Persisting with pain management
By John Bell
It doesn’t seem all that long ago that if you saw the word shingles you’d most likely think of thin pieces of wood or slate that overlap to cover a roof. But, as a roofing material, shingles are now seldom used; more often we recognise shingles as the common term to describe a very painful and irritating rash of small blisters, usually occurring on just one side of the body.
Medically, shingles is known as herpes zoster; and it’s caused by the same virus that causes chickenpox. In fact it occurs when the chickenpox virus is reactivated after years, maybe decades, following the initial infection.
The first signs are itchy, tender, painful skin. The rash, which quickly follows, may last a few days or a few weeks; but the pain may last, seemingly, forever. It’s called post herpetic neuralgia – meaning nerve pain after a herpes infection. Nevertheless, there are strategies to manage shingles pain; and there are also ways to markedly reduce the risk of shingles occurring in the first pace – vaccines against chickenpox and shingles are available.
Of course, we all suffer pain from time to time. Pain is an important signal that our body has been damaged in some way; and so attention is required to treat or remedy that damage.
Pain can be acute, meaning that it comes on suddenly and lasts for a limited time, or it can be chronic (like shingles pain), that is persistent and long lasting. Acute pain may only last a few minutes, but possibly hours, days or weeks; and it could be caused, amongst many other things, by insect bites, burns or broken bones.
At best this pain is unpleasant, however when it becomes not only severe, but also chronic, it can all but destroy our quality of life. The leading cause of chronic pain is reported to be related not to infection such as shingles, but to injury – possibly sports injuries or car, work or home accidents. But sometimes the cause is not so easy to identify.
Coping mechanisms for chronic pain often involve the use of pain relievers; and various pain relievers are available which work in quite different ways from those pain relievers we would normally expect to use for acute pain. Some non-medication treatments might also be helpful.
In the past 10 years or so, more attention has been focussed on the benefits of the so-called opioid type pain relievers such as morphine (morphine was first isolated in the early 1800s, although evidence exists that the raw material, opium, was in use several thousand years ago).
Most doctors and pharmacists have a very good understanding of the benefits of the opioid pain relievers. However, there are still misconceptions in the minds of many patients, their families and carers. The fact is, when used appropriately, they are both safe and effective. Recently we have seen the development of a number of variations on the old morphine mixtures – preparations which are easier to take, more palatable and less likely to cause uncomfortable side effects.

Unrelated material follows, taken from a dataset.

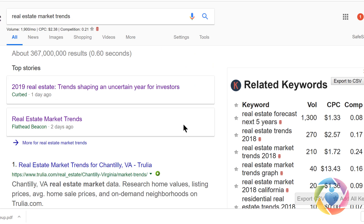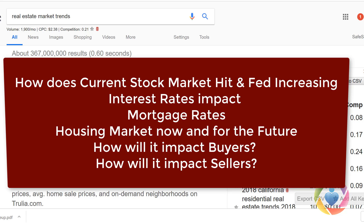This is a quick video about what to blog about — what is trending and hot in the real estate market and what people are searching for. The stock market took a bit of a hit, interest rates are increasing, and there are rumors they may increase again before year end. People are wondering how that is going to impact mortgage rates and housing.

The World Health Organisation (WHO) has a so-called Analgesic Ladder to help explain how pain relievers are best given. Your pharmacist can guide you through the steps. Ask also for the series of pain reliever fact cards available from pharmacies around Australia providing the Self Care health information. Telephone the Pharmaceutical Society on: 1300 369 772 for the nearest location or check out the website: www.psa.org.au and click on ‘Self Care’ then ‘Find a Self Care Pharmacy’.
This year, the patient support group, Chronic Pain Australia, has again organised National Pain Week (22 – 28 July) to raise awareness of both the problems of chronic pain and some of the effective pain control strategies. The Chronic Pain Australia website (www.chronicpainaustralia.org) gives more information.